Sunday, June 14, 2009

When "one" sounds like "three."

Today I went into the big city to see a movie and have some lunch. When I can, I try to avoid chain places only because I can make my own damn hamburger and it won't cost me $10. But, I have a gift certificate I got from work for Applebee's so I figured I'd save my own cash and go there.

It was a little after one and the place wasn't very busy. The kid in charge of seating people walks over to where I am waiting. He looked like he was a twelve year old stoner. Or, at the least, had taken too much Ritalin this morning. He asks me how many, which you'd think would be obvious because I was the only one standing there at the moment. Still, I could be meeting people there I suppose. Anywho, I answer, "One."

He proceeds to grab 3 menus and three sets of silverware. I was almost going to say something, but I can just see a couple people have walked in the door behind me. Okay, he's multi-tasking and going ahead and grabbing stuff for the next table. Fine.

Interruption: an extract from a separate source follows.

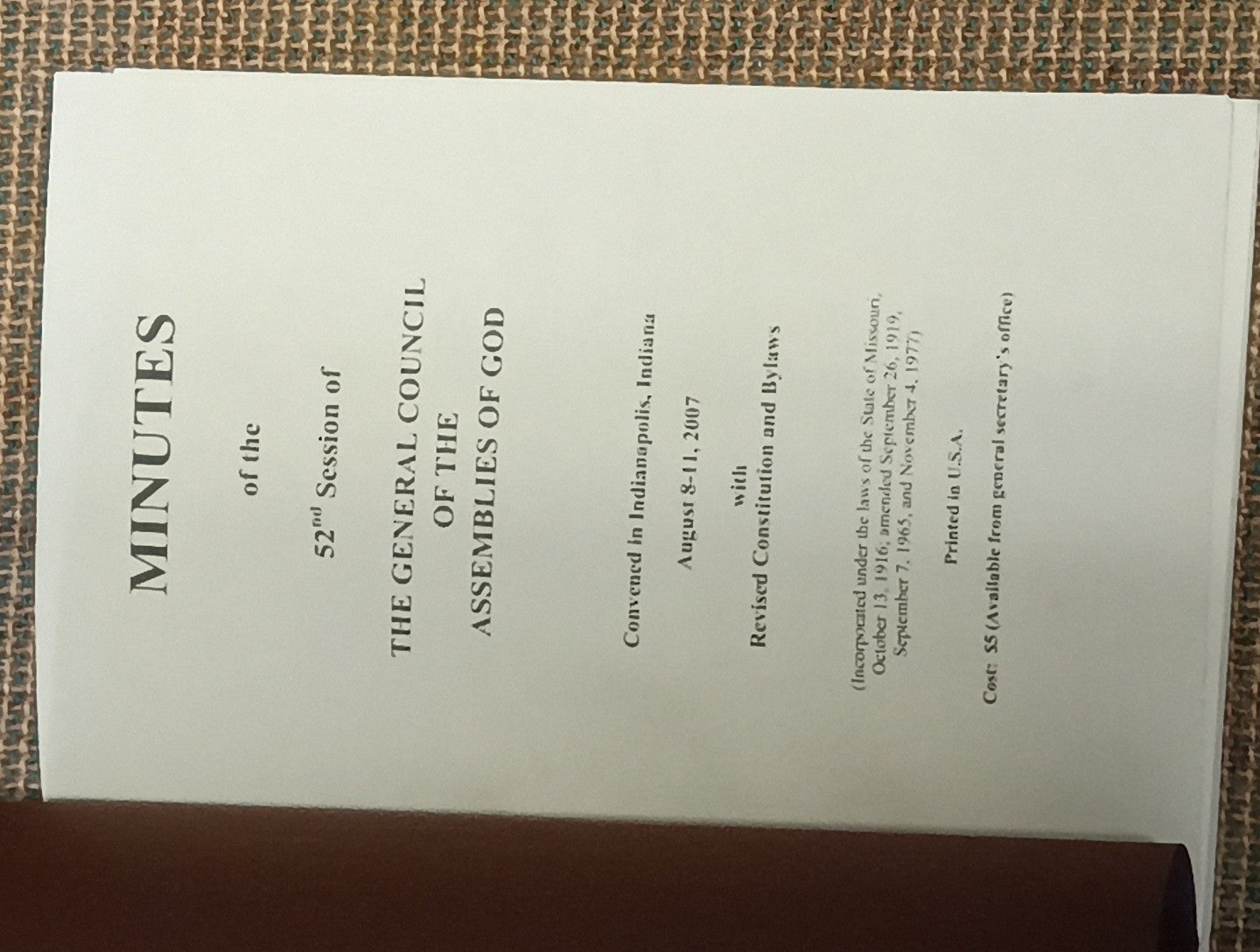 Minutes: the 52nd Session of the General Council of the Assemblies of God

Nope. We go to the table he's selected and he starts setting down more than one menu. I get his attention and say, "umm...it's only one."

He looks at me, completely surprised and says "I thought you said three." Now, I can fake my way through some French, but I am in no way bilingual. That being said, off the top of my head, I am unaware of any language where "one" sounds like "three." Except maybe the language of "I don't want to be here today and I'm not really paying any attention to you because you aren't a hot 20 year old." Perhaps in that language the words are almost exactly alike.

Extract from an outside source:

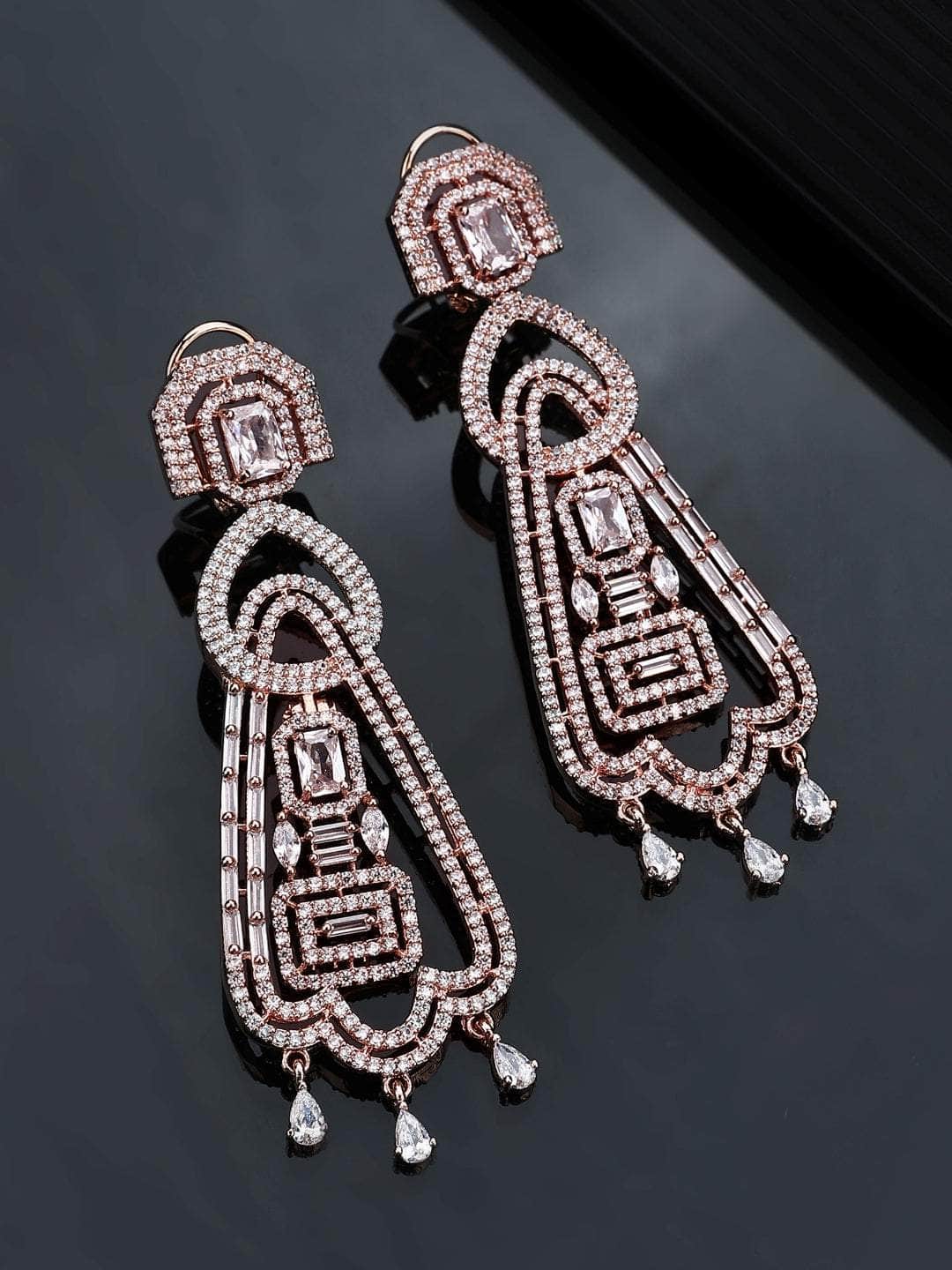 Ishhaara AD stone brass drop earrings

Lunch was okay. I wouldn't have directly paid what I did for that salad. The service was okay and at least nothing got spilled on me.

Now, the movie. I went and saw The Hangover. The vote is still not quite in on it. There were some very funny parts and I really liked Ed Helms and Zach Galifianakis. I also thought the idea of us finding out what happened the same time that the guys do worked to the movie's advantage. I just didn't laugh through the whole movie the same way I did with 40 Year Old Virgin and Superbad. It's a funny, raunchy film--good for adults, but I don't know that I put it up there with my favorites. Speaking of adult films, it was almost refreshing to see trailers for R rated movies since the last few trailers I've seen have been for G Force and other kid's flicks. I'd almost forgotten what an adult trailer looked like. But, I have to admit I'm frightened to see Kyra Sedgewick and Michael C. Hall in a trailer for Gamer, which looks just awful.

I might try to get to Drag Me To Hell this week. It will be fitting since this week both sales engineers are on vacation and it's just us chicks and our boss at work. Sounds a bit like hell to me.